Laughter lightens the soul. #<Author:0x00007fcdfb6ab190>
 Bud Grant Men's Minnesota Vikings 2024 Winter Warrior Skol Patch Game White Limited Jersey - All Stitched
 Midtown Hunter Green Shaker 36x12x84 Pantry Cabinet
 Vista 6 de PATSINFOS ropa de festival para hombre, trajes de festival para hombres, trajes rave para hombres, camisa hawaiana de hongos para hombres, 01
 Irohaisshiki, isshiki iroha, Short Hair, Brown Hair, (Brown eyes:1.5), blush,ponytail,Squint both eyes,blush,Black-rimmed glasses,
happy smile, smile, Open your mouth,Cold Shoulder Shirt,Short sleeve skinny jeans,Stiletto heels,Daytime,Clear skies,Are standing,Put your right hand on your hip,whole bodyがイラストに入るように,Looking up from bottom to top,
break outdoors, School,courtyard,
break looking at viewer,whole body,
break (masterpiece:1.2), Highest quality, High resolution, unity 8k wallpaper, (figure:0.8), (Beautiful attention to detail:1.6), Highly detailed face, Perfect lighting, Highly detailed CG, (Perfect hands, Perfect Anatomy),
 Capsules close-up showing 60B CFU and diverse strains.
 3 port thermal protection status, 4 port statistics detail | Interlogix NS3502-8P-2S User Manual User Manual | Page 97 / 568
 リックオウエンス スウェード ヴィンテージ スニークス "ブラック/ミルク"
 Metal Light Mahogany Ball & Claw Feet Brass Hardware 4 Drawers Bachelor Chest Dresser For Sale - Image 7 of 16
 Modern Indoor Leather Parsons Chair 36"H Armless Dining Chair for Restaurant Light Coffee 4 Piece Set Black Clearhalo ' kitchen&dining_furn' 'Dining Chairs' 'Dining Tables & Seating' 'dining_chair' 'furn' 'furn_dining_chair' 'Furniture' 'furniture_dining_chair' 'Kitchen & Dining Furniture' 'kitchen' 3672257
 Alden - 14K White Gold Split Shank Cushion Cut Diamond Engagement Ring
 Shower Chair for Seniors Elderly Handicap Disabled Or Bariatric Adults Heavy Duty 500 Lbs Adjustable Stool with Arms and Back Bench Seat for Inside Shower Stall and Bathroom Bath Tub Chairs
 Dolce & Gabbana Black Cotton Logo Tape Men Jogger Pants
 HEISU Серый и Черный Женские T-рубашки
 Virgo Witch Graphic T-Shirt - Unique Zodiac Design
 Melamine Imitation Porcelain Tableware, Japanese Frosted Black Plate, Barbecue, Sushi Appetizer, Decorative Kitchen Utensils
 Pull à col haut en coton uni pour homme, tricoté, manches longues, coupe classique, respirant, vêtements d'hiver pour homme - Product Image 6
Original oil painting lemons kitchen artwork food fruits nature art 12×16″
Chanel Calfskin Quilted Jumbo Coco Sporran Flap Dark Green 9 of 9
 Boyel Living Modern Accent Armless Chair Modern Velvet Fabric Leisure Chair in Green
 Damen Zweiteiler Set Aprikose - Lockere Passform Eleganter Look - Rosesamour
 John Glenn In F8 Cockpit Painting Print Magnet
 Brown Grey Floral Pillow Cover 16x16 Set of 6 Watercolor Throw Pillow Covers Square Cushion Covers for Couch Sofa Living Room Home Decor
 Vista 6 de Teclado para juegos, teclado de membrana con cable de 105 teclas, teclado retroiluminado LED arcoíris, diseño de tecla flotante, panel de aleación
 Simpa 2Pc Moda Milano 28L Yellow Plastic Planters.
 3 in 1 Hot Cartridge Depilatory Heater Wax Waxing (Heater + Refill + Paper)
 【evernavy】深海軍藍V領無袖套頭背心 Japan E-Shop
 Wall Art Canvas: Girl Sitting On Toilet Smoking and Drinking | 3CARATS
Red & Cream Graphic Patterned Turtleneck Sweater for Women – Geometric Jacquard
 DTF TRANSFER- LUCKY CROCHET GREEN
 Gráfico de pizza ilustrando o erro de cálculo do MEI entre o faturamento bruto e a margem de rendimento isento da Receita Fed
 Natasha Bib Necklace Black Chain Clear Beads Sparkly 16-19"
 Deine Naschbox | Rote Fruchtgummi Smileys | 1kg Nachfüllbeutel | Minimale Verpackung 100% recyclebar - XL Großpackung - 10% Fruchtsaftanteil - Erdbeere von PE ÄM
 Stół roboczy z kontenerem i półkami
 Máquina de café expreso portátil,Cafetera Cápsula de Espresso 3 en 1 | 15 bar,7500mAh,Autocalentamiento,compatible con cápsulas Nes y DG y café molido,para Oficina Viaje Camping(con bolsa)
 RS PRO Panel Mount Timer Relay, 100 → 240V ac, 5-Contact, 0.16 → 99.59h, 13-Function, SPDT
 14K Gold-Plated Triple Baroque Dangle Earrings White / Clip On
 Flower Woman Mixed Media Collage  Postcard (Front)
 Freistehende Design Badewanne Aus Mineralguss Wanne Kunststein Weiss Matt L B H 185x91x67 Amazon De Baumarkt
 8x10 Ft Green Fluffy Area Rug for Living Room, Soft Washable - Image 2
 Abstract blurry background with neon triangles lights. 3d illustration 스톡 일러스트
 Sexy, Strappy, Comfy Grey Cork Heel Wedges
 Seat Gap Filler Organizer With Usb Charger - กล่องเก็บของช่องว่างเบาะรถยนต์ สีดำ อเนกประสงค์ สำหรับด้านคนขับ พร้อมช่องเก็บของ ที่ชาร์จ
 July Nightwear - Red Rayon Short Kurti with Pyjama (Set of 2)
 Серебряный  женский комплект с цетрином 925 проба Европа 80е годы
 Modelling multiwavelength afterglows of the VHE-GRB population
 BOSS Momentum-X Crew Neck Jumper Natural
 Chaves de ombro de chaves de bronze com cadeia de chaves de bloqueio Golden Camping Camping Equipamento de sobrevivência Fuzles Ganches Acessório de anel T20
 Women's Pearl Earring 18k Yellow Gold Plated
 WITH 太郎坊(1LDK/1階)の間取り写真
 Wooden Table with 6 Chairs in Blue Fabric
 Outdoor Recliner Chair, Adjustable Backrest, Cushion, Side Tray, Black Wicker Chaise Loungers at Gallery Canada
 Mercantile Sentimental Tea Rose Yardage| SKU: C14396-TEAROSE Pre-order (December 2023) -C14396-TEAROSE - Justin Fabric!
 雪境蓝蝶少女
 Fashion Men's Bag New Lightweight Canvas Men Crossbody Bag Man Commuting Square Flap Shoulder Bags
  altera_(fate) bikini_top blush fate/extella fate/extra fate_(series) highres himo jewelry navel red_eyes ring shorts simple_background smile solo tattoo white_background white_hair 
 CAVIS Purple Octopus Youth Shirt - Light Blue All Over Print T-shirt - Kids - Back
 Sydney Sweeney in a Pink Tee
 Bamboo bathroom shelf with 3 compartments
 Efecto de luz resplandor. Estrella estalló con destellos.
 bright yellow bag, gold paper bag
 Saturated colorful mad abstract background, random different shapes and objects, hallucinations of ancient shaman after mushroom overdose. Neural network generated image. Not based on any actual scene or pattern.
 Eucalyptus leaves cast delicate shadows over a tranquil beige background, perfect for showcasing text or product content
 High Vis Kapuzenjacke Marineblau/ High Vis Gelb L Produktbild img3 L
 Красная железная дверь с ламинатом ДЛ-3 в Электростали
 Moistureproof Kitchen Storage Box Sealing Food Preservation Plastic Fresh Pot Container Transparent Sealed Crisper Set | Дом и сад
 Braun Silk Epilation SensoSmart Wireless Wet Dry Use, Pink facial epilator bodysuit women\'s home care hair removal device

Work to be completed => What is needed is a verbatim copy of every line in the records above from the one containing "Brown Grey Floral" down to the one containing "DTF TRANSFER- LUCKY CROCHET GREEN", both included, and nothing more.

Result of this task =>
 Brown Grey Floral Pillow Cover 16x16 Set of 6 Watercolor Throw Pillow Covers Square Cushion Covers for Couch Sofa Living Room Home Decor
 Vista 6 de Teclado para juegos, teclado de membrana con cable de 105 teclas, teclado retroiluminado LED arcoíris, diseño de tecla flotante, panel de aleación
 Simpa 2Pc Moda Milano 28L Yellow Plastic Planters.
 3 in 1 Hot Cartridge Depilatory Heater Wax Waxing (Heater + Refill + Paper)
 【evernavy】深海軍藍V領無袖套頭背心 Japan E-Shop
 Wall Art Canvas: Girl Sitting On Toilet Smoking and Drinking | 3CARATS
Red & Cream Graphic Patterned Turtleneck Sweater for Women – Geometric Jacquard
 DTF TRANSFER- LUCKY CROCHET GREEN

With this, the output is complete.